AIM OF THE TASK: Only some lines are wanted: please transcribe exactly those from the one containing "I stayed in" through the end of the data, pictures excluded.

╭─ MATERIAL PROVIDED

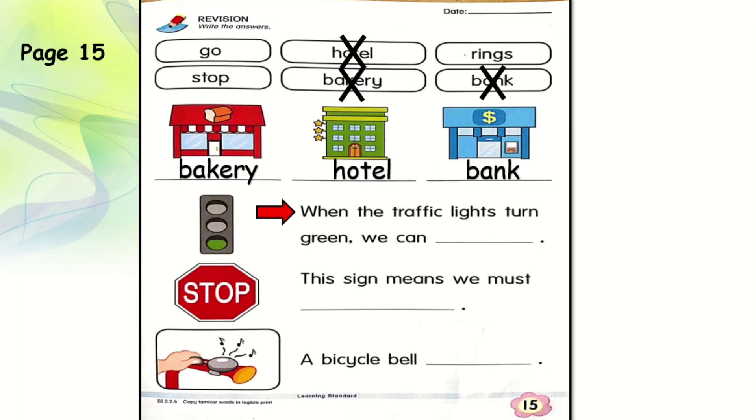Now let's see the next one. When the traffic lights turn green — can you see the traffic light has turned green — what can we do? Whether we go, stop, or rings. Yes! When the traffic lights turn green, we can go. G-O. Can you do the next two pictures yourselves? This sign means we must see the sign and write the answer. And also a bicycle bell. Very good.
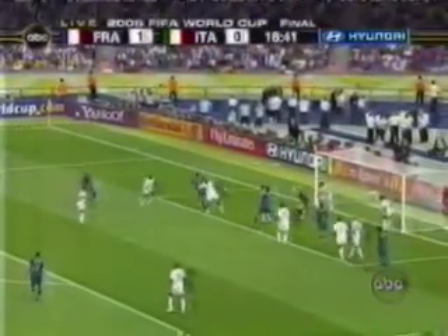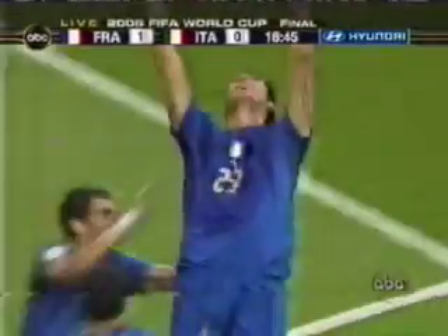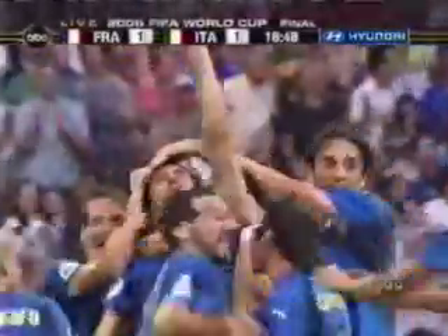Italy looking for the equalizer here. This one swings out, not a bad ball, hit it in! Italy has tied it! Matarazzi strikes to make it 1-1!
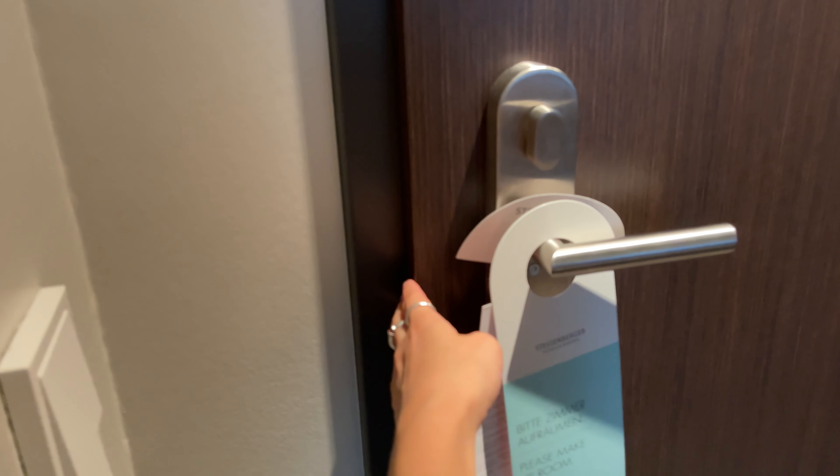I stayed in a few hotels in a few different German cities, and here are five things that surprised me. First, the doors — they all look like they're protruding a little bit, and it feels like they're not locked. I was scared in the beginning, but I guess this is just how doors are in hotels, or maybe in houses — I don't know, I didn't go to a house.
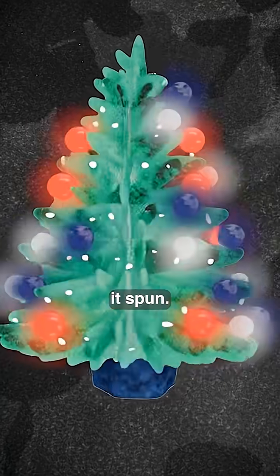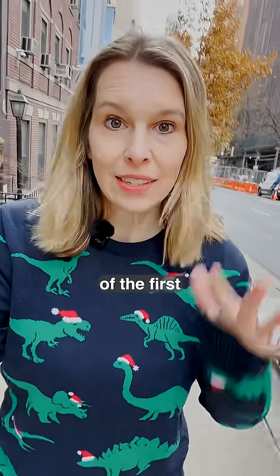Before Christmas lights existed, one tree didn't just glow — it spun. Right here on East 36th Street is the home of the first electrically lit Christmas tree.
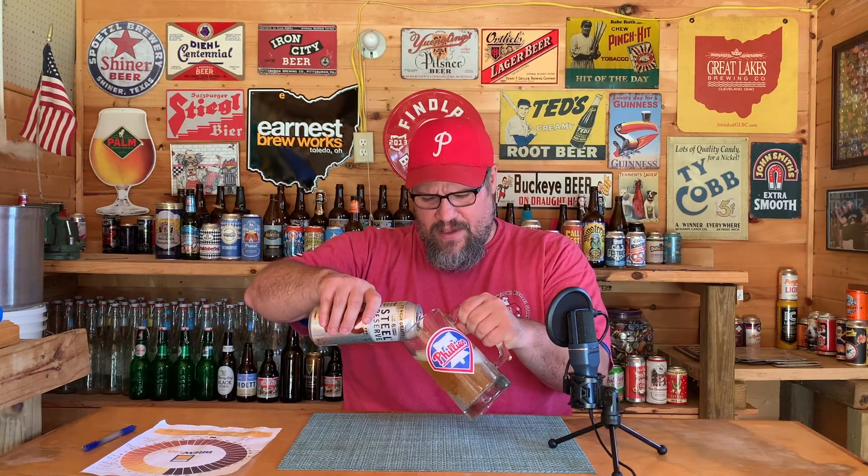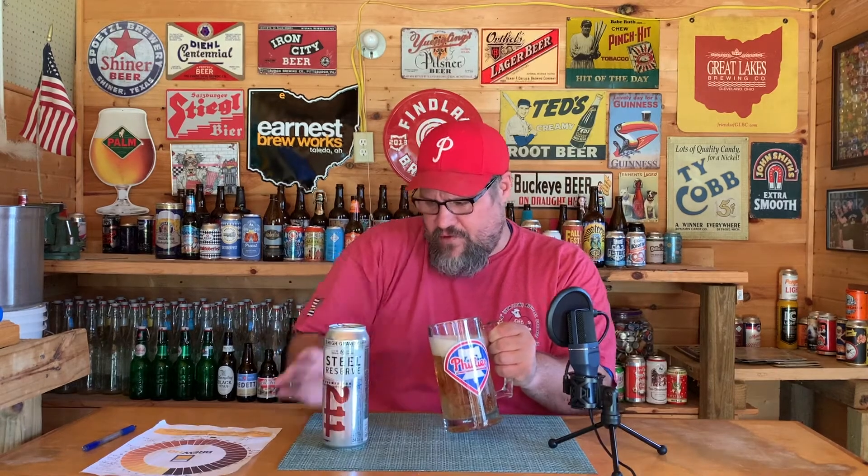Ratings-wise, it doesn't do well — big surprise. On Untappd it's a 2.12, Beer Advocate 2.37, with an aggregate score of 57 — 'awful.' I've got a bee creeping around me here again — get out of here! Not even the bee wants the Steel Reserve. This bee has been out here all morning trying to get at me.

╰─

RESPONSE BELOW:
I stayed in a few hotels in a few different German cities, and here are five things that surprised me. First, the doors — they all look like they're protruding a little bit, and it feels like they're not locked. I was scared in the beginning, but I guess this is just how doors are in hotels, or maybe in houses — I don't know, I didn't go to a house.
Before Christmas lights existed, one tree didn't just glow — it spun. Right here on East 36th Street is the home of the first electrically lit Christmas tree.
Ratings-wise, it doesn't do well — big surprise. On Untappd it's a 2.12, Beer Advocate 2.37, with an aggregate score of 57 — 'awful.' I've got a bee creeping around me here again — get out of here! Not even the bee wants the Steel Reserve. This bee has been out here all morning trying to get at me.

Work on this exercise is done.